GREGORIO Mª CALLEJO HERNANZ*. Es una convención general considerar que el Derecho Penal es aquella parte del Derecho que define cuales son las conductas más intolerables en nuestra sociedad (delitos) , y asocia a las mismas una consecuencia jurídica (pena). Es también una convención general el considerar que el Derecho Penal debe huir de castigar los meros ilícitos morales. La reflexión sobre cuáles sean esas conductas, su delimitación, las causas de justificación o las de exención de la culpabilidad, la elección de las penas, se corresponde con un análisis científico racional con el cual la ciencia del Derecho Penal intenta suministrar al Legislador los materiales doctrinales con los que lleve a cabo la concreta regulación penal. Pero siguen existiendo en algunas legislaciones, y desde luego existió históricamente, un derecho penal de fuerte contenido moral y que además no partía de la base de una ciencia iusracionalista, sino de premisas basadas en dogmas. Pondré algunos ejemplos históricos y actuales.

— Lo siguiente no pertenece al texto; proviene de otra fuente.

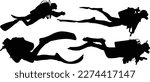 Set of scuba diver silhouette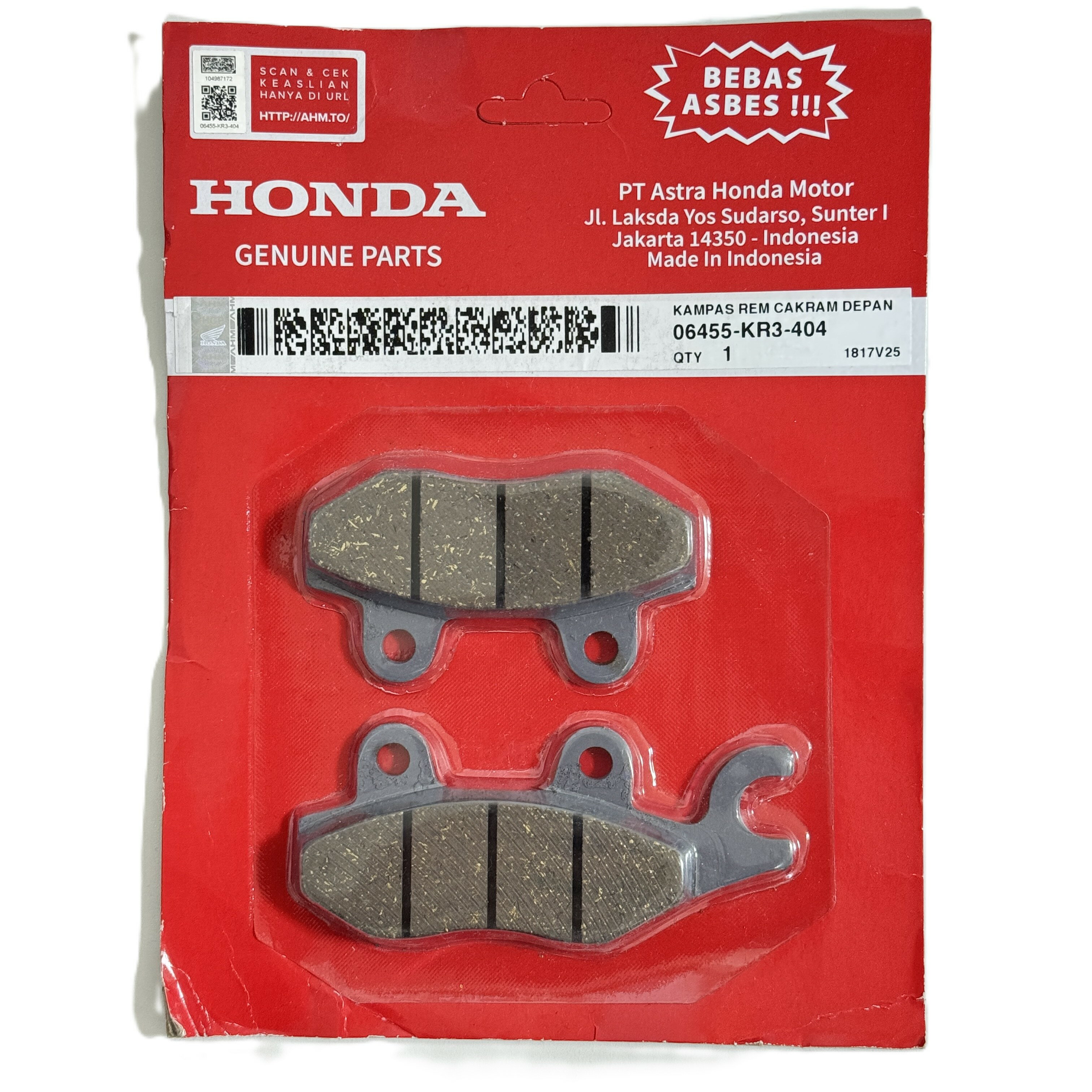Rakuten - ホンダ純正 ブレーキパッド 06455-KR3-404 06455-KR3-405 HONDA GENUINE PARTS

En la primera categoría del derecho penal islámico (Haad o Houdoud), los crímenes graves que se consideran una amenaza para el mismo Islam deben ser castigados con las penas que fija el Corán o las que establecen las Sunas. Es lugar común entre los juristas islámicos considerar que estas sanciones son fijas, sin margen de discrecionalidad alguna para el juez. Algunos de estos delitos, como el adulterio o la apostasía conllevan pena de muerte. El robo conlleva la amputación de la mano. No hay, como digo, posibilidad de moderación de la pena (tampoco de agravación), está fijada en una norma dada por Dios y por lo tanto es inalterable por el ser humano. Entiéndase bien que existen otros niveles de derecho penal islámico y países de religión musulmana cuya legislación penal ha tenido un proceso de securalización, y no resulta de aplicación este tipo de derecho penal.

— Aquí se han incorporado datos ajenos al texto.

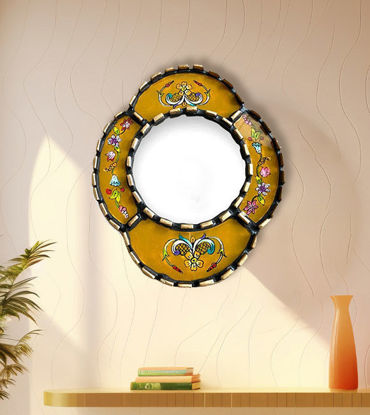 Picture of Accent Decorative Peruvian Mirror 9" • Colonial Style Wall Art • Hand-Painted Glass & Bronze Leaf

En todo caso, y en ese citado primer nivel, una vez establecida una crueldad cuya aplicación no admite discusión como consecuencia jurídica del delito, toca al jurista-teólogo descender a aspectos más escabrosos. Hay que reglamentar cómo se mata o como se amputa. La reflexión del jurista tendrá un importante componente de especulación teológica, puesto que esa es la fuente de la que ineludiblemente parte esa aplicación de la norma. Leo un artículo de Loubna El Ouazzani Chahdi en la revista Cuadernos de Historia del Derecho sobre el delito de robo en Al Andalus. En concreto me interesan las disquisiciones de los juristas clásicos sobre cuándo y cómo se amputa una mano. Según la opinión de un maestro de la ley, a toda persona que cometió un delito de robo reuniendo las condiciones exigidas por la ley, “se le cortará la mano derecha, o la muñeca derecha, aunque sea zurda, si la mano derecha ha sido antes amputada o está defectuosa; si, por ejemplo, está paralizada o si le faltan muchos dedos, se amputará la pierna izquierda”.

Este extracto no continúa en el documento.